- [THE PROBLEM]: Begin at the line with "carpeted bedroom with" and output every line through the end of the records, exactly as given. Omit pictures.

- [MATERIALS PROVIDED]:
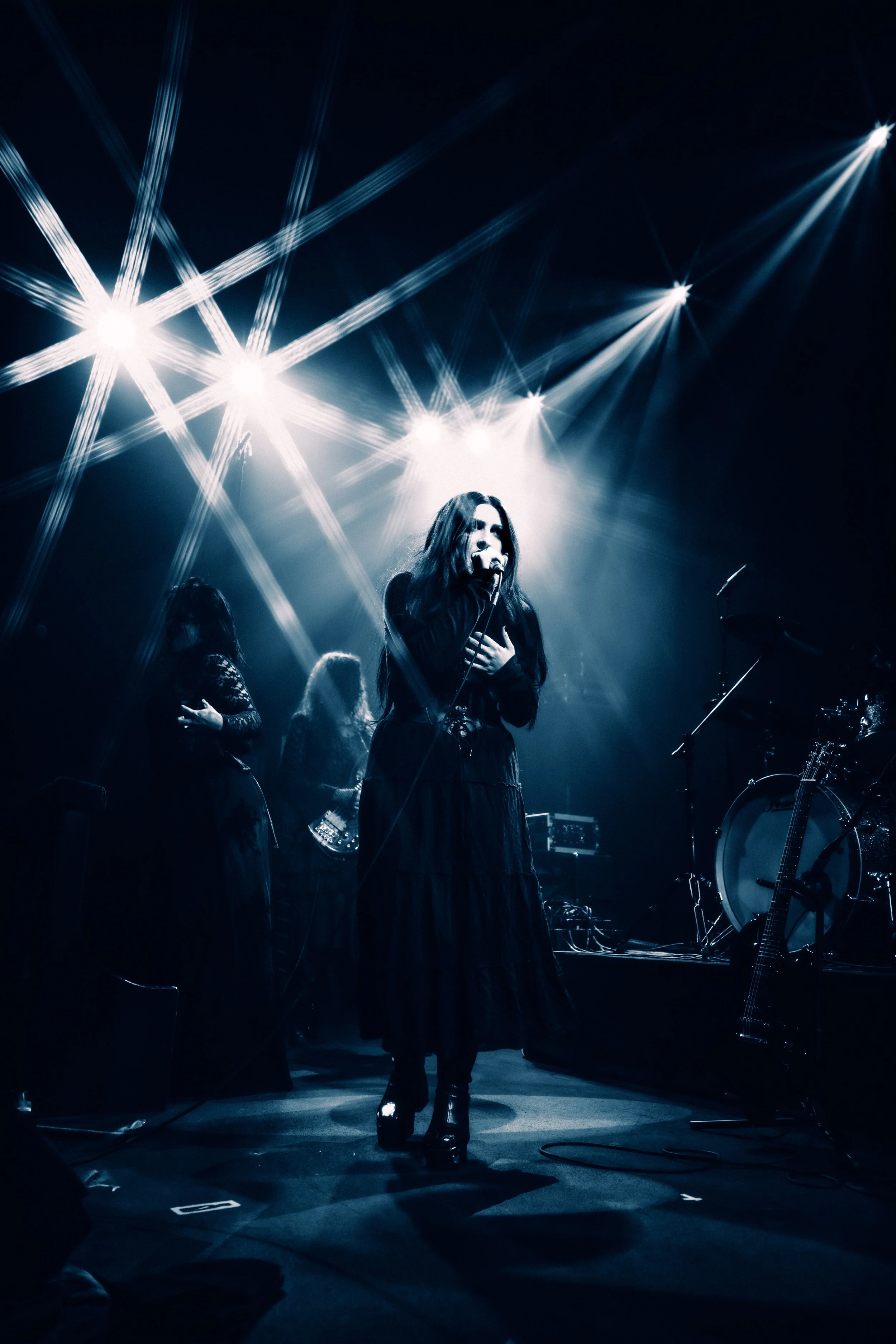 A female singer performing on stage with styling lighting effects, accompanied by two backup singers and musical instruments including a drum set and guitar.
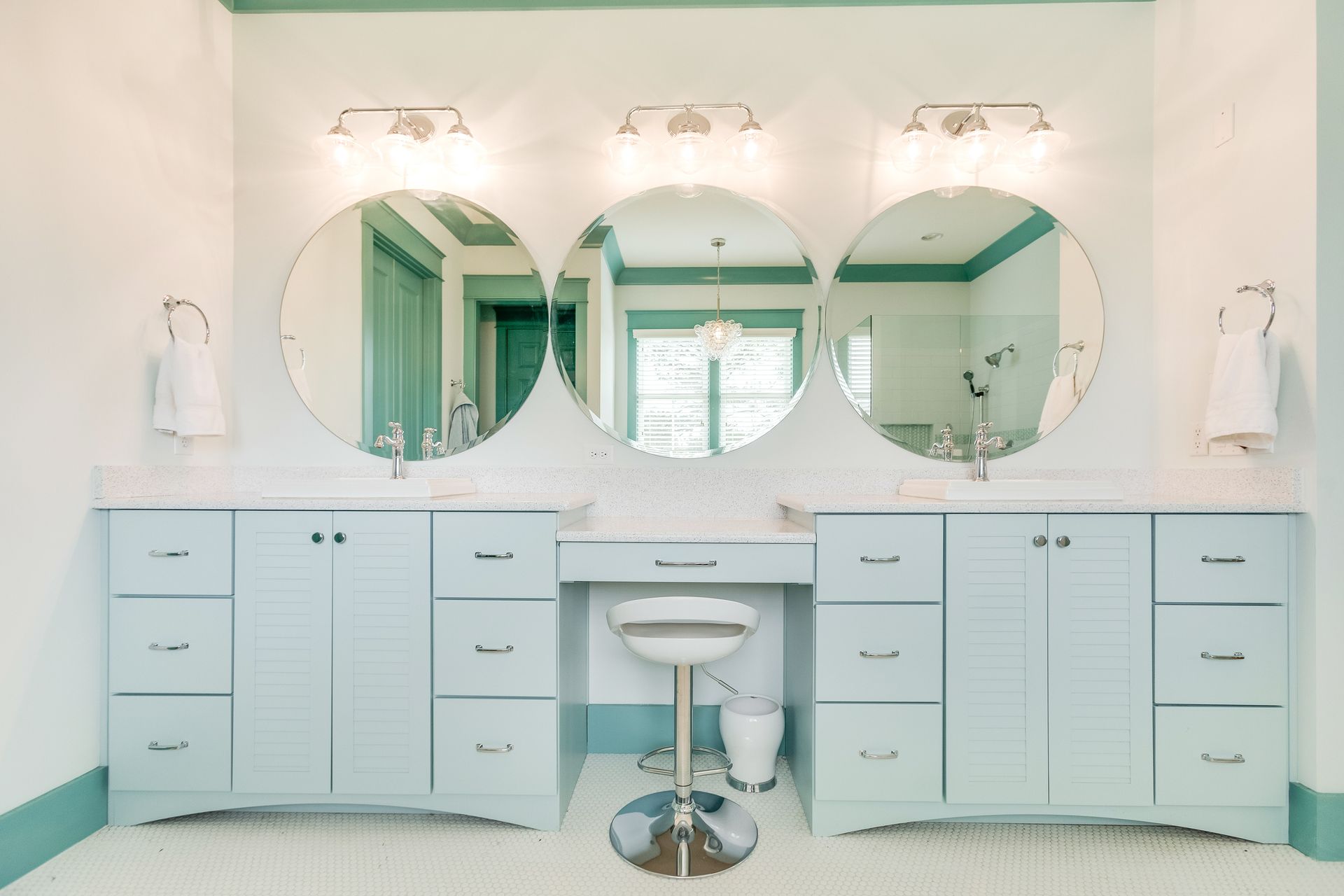 A bathroom with two sinks and three mirrors.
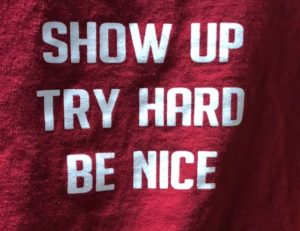 Tee shirt saying "show up, try hard, be nice"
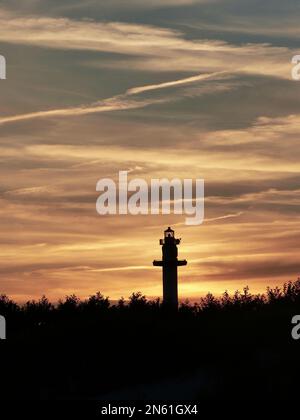 Eine vertikale Silhouettenaufnahme einer Säule und Vegetation mit einer Wolkenlandschaft bei Sonnenuntergang im Hintergrund auf der Insel Bornholm Stockfoto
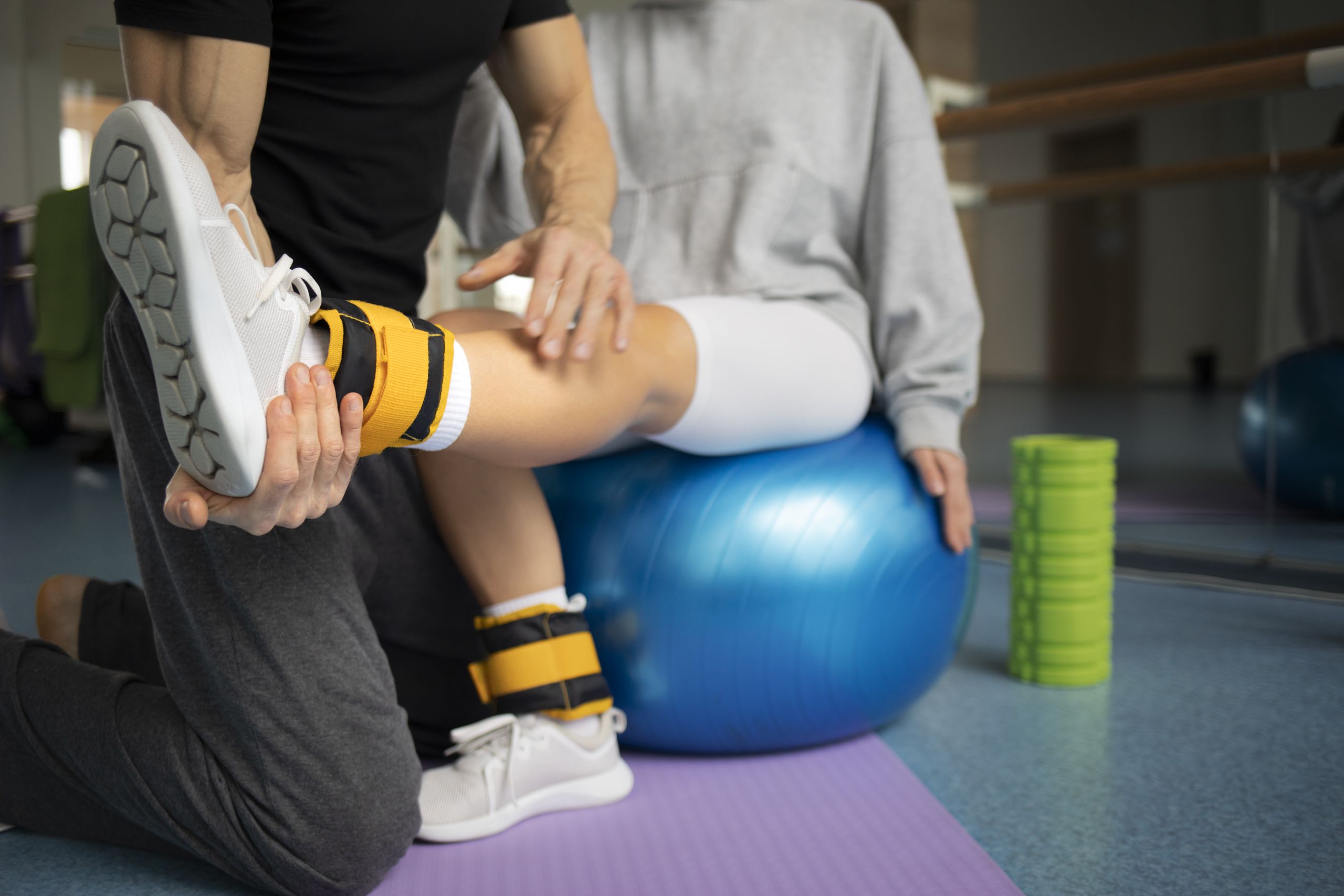 A physiotherapist assisting a patient with a leg exercise using ankle weights and a stability ball in a rehabilitation setting.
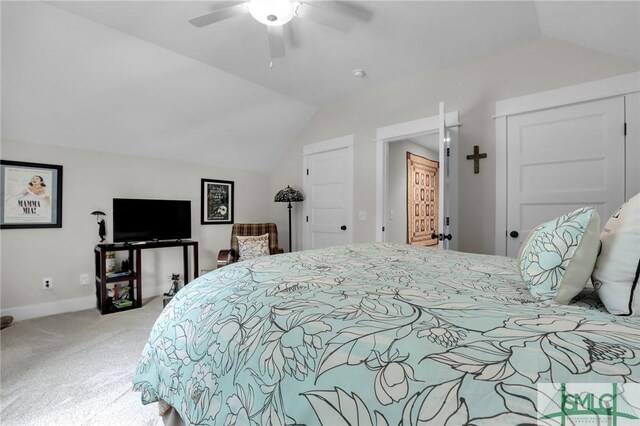 carpeted bedroom with ceiling fan and lofted ceiling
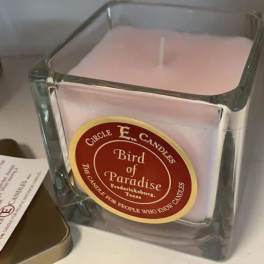 Square glass candle with a pale pink wax fill and label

- [TASK RESPONSE]:
 carpeted bedroom with ceiling fan and lofted ceiling
 Square glass candle with a pale pink wax fill and label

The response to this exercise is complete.